The world has entered the new year with the promise of peace and dignity, but under the thunder of military drills, airstrikes and missiles. China’s massive exercises around Taiwan, following Washington’s multibillion-dollar arms deal with Taipei, reflect a dangerous global pattern: deterrence replaces dialogue, and force supplants diplomacy.
This militarised mindset extends far beyond East Asia. The United States, for instance, recently launched airstrikes in north-western Nigeria, clearly following a familiar script — swift military action without exhausting diplomatic or politicial solutions.
The same logic has justified repeated violations of Syrian sovereignty, reckless attacks on Iran’s peaceful nuclear facilities, and now the reported US naval blockade of Venezuela, with warships positioned within striking distance. Such displays of brute power are meant to intimidate, not negotiate, while the world watches on in unsettling silence.

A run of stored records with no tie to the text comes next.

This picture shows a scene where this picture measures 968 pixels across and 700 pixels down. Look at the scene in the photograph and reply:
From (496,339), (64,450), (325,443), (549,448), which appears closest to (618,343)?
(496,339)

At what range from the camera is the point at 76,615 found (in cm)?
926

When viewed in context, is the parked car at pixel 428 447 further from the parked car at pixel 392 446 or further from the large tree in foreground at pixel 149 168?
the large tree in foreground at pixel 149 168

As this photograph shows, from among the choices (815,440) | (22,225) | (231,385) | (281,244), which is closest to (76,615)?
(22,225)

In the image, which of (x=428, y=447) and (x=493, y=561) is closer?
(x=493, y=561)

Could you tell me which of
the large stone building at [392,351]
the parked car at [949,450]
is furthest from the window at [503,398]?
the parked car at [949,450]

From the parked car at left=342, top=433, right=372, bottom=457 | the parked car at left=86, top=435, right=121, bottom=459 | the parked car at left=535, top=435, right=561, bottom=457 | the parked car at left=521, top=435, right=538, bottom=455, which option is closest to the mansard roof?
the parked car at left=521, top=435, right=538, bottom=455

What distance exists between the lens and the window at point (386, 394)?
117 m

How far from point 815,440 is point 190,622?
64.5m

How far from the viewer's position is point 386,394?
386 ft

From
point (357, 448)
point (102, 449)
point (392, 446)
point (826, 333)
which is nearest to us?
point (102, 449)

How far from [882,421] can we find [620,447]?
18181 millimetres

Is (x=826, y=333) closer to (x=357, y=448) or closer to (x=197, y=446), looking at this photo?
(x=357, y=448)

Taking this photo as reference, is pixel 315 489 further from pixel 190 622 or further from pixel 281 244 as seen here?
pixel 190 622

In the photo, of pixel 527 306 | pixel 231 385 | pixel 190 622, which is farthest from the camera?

Powerful countries attack neighbours, hijack ships, fuel wars, and profit from the global arms trade, even as millions are killed, starved or displaced. Global institutions that are supposed to restrain excesses and protect peace, instead, remain largely paralysed.
Nowhere is this disorder more tragic than in the Middle East. Gaza bleeds without an end in sight. Children, women, journalists and aid workers are being slaughtered. The genocide is being live-streamed to a world numbed. Humanity remembers Auschwitz, and it should, but Gaza’s apocalypse is denied comparable moral outrage or accountability simply because power shields the perpetrators.

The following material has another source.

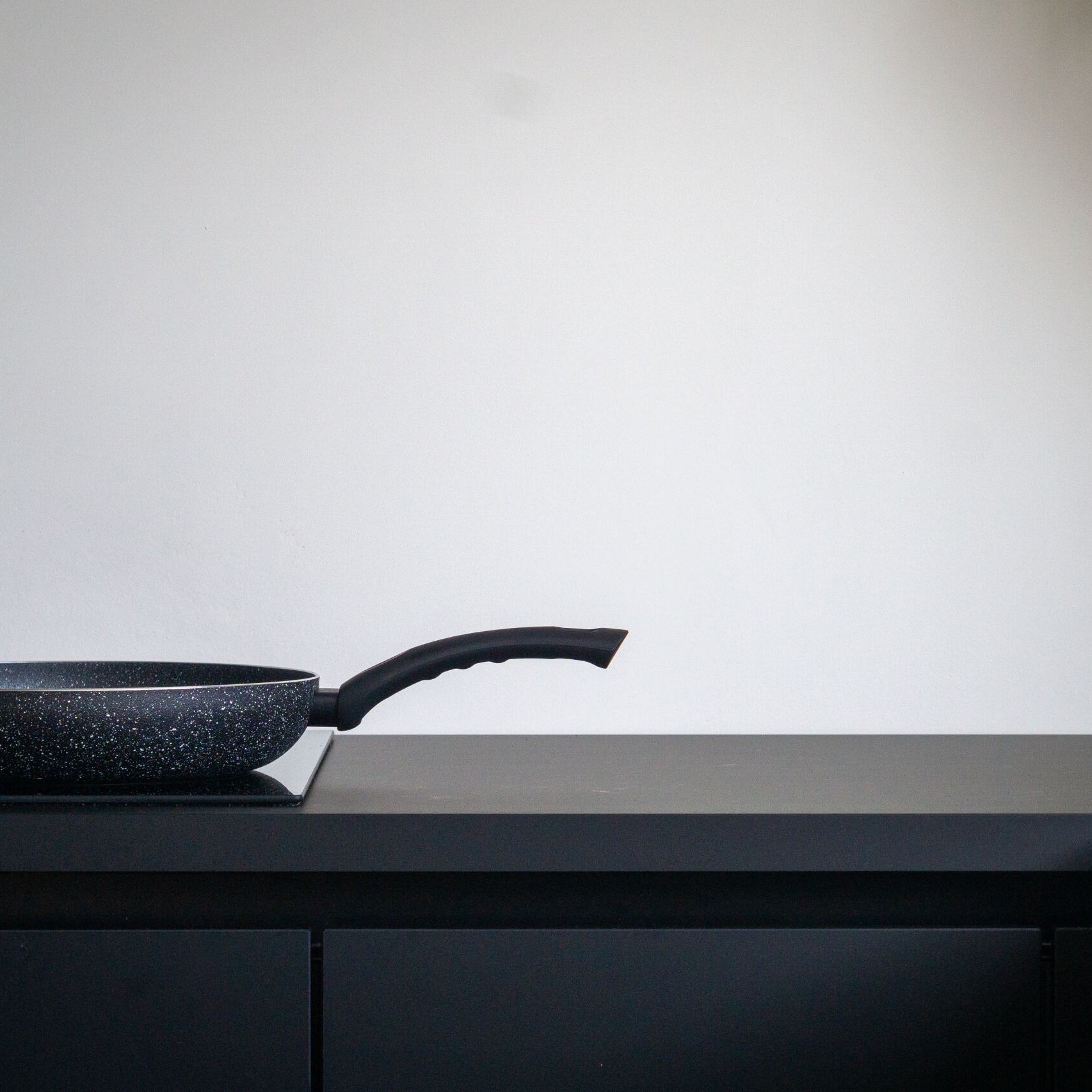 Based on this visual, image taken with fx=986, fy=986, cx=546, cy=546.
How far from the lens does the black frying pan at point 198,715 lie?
610 millimetres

Elsewhere, Russia’s brutal war in Ukraine grinds on, reinforcing a grim lesson: military might erases account-ability, and international law bends before strategic interests. Yet, amid all this darkness, a fundamental truth endures: the world belongs not to power elites or military establishments, but to the people. Across continents, ordinary men and women demand justice, equality, dignity and peace. Wars have not solved humanity’s problems; they have multiplied them — enriching arms merchants while spreading hunger, displacement and despair.
Diplomacy today is imposed on the weak by the powerful. This hypocrisy is rooted in a post-World War II order designed by victors for victors alone — where veto power trumps justice. The world is likely to continue down this pathetic path in the new year.
One can only hope against hope that some semblance of sanity might prevail.